L’histoire commence en Israël, à une époque qui est à peu près la nôtre. Parce qu’il refuse les murs de haine, le virtuose Hochéa Meintzel quitte le pays après avoir déclaré en public à la fin de son concert : « Je ne suis plus israélien et je veux plus être juif, ni homme, ni rien qui voudrait prétendre à un quelconque héritage ». Hué et sifflé par son public qui ne comprend pas, il accepte de se rendre en Inde, invité par l’Académie de musique à Chennai.

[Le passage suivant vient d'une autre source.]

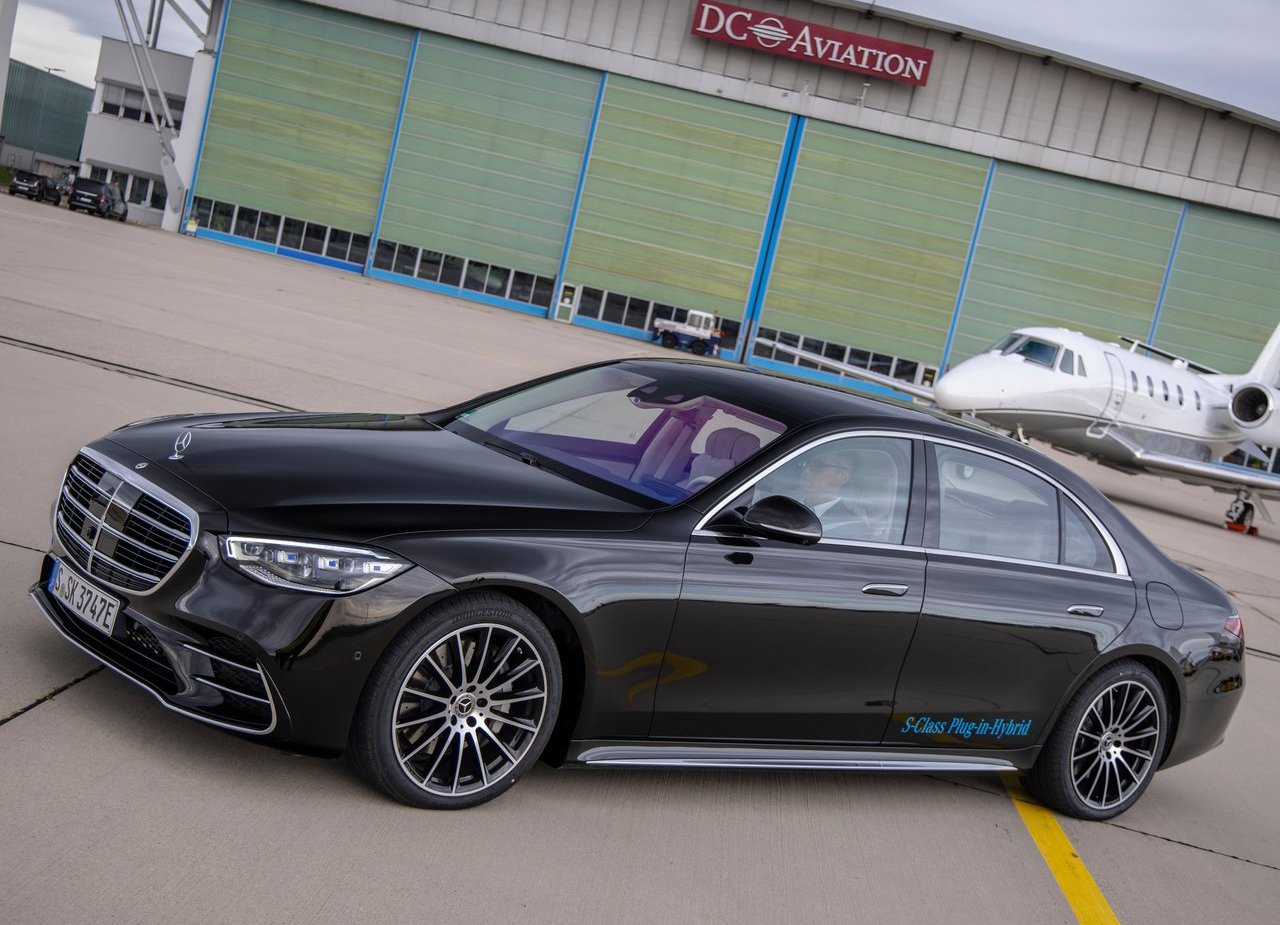 2021 - MERCEDES-BENZ S PLUG-IN HYBRID, foto 7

Glissant d’un extrême à l’autre de l’Orient, Premières neiges sur Pondichéry, s’ouvre ainsi sur une renaissance.
Des murs de haine
Le livre d’Hubert Haddad construit une nouvelle Babel, et une nouvelle Jérusalem. Le récit se déroule à l’emplacement de l’antique Cangranore, où se réfugièrent les Juifs lors du massacre perpétré par les Babyloniens. Face au désespoir, où trouver la consolation ? « Le mélange des langues en temps de paix est la plus belle musique » écrit Hubert Haddad, distinguant ce mélange d’un inventaire. Alors le livre crée ces rencontres entre les langues : croisement des lieux géographiques, de la poésie et de la prose, des confessions religieuses, des mémoires, de la musique et de l’écriture… Tout le malheur de l’homme vient non pas de la diversité des langues, mais des murs qui les ferment les unes aux autres. Le personnage de Nandi-Nandi exprime cette figure de l’exclu : jeune boursier venu du Kérala pour prendre des cours à l’Académie de musique de Jérusalem, il est considéré comme un juif de seconde zone. Hochéa, son professeur, n’apprécie pas son style de jeu musical. Le système des castes dépasse largement le cadre d’un pays, constate Nandi-Nandi : « Il y voyait un système de castes bien plus complexe qu’en Inde avec un tiers de parias » . Le jour de son départ, devant la porte du conservatoire, ses grands yeux ruissellent de larmes, faisant écho à l’énigme posée par la reine de Saba au roi Solomon : « Quelle eau est douce et parfois amère ? » L’Alphabet de Ben Sira, l’un des faux les plus mystérieux du Moyen Age, affirme que de leur union serait né le souverain babylonien Nabuchodonosor II, le créateur de Babel et le destructeur de Jérusalem. Nandi Nandi est le lointain héritier de ces antiques exilés qui fuirent les massacres de l’époque biblique.
Mémoires pesantes
Tous les personnages du récit cherchent un refuge pour libérer cette mémoire qui les habite de son poids. Chaque chapitre du livre est un palier supplémentaire à cette combinatoire des mémoires individuelles associées à des traditions légendaires chantées par des femmes, sources de ce recommencement cherché par les personnages du récit. Cette combinatoire qui n’est nullement un inventaire à la Pérec. Hochéa cherche à oublier ce qu’il a en fait complètement occulté, et se perd la nuit dans les méandres de ses rêves labyrinthiques. Madame Hafez, qui hébergera une nuit Hochéa, avait trouvé là, en marge du Kerala, un asile où se protéger des notables de Téhéran. Mutuswami, l’alter ego d’Hochéa, a elle-aussi un refuge pour se soustraire à la violence du monde. Elle rêve de légèreté, de détachement dans la maison de sa grand-mère aux multiples volières. Elle est d’autant plus aérienne qu’Hochéa s’enlise dans les souterrains de sa mémoire. La mémoire de l’auteur aussi, émerge à certains moments du texte, dans une extériorité presque « documentaire », comme par exemple, lorsque Hochéa se souvient du musicien Gebirtig, « abattu sur le chemin du camp de Belzec, un jour de juin 1942 » . On ne sait plus trop qui est l’auteur de cet ajout : le personnage qui se raconte, ou la mémoire propre d’Huber Haddad qui s’invite dans le récit ? On y trouve aussi la mémoire des légendes du peuple juif, à la limite du fabuleux : Le Léviathan, les énigmes que la Reine de Saba pose au Roi Solomon, Jonas et la Baleine, la destruction par le Babylonien Nabuchodonosor de Jérusalem, la légende de la « nouvelle Jérusalem », Cangranore (aujourd’hui Chennai)…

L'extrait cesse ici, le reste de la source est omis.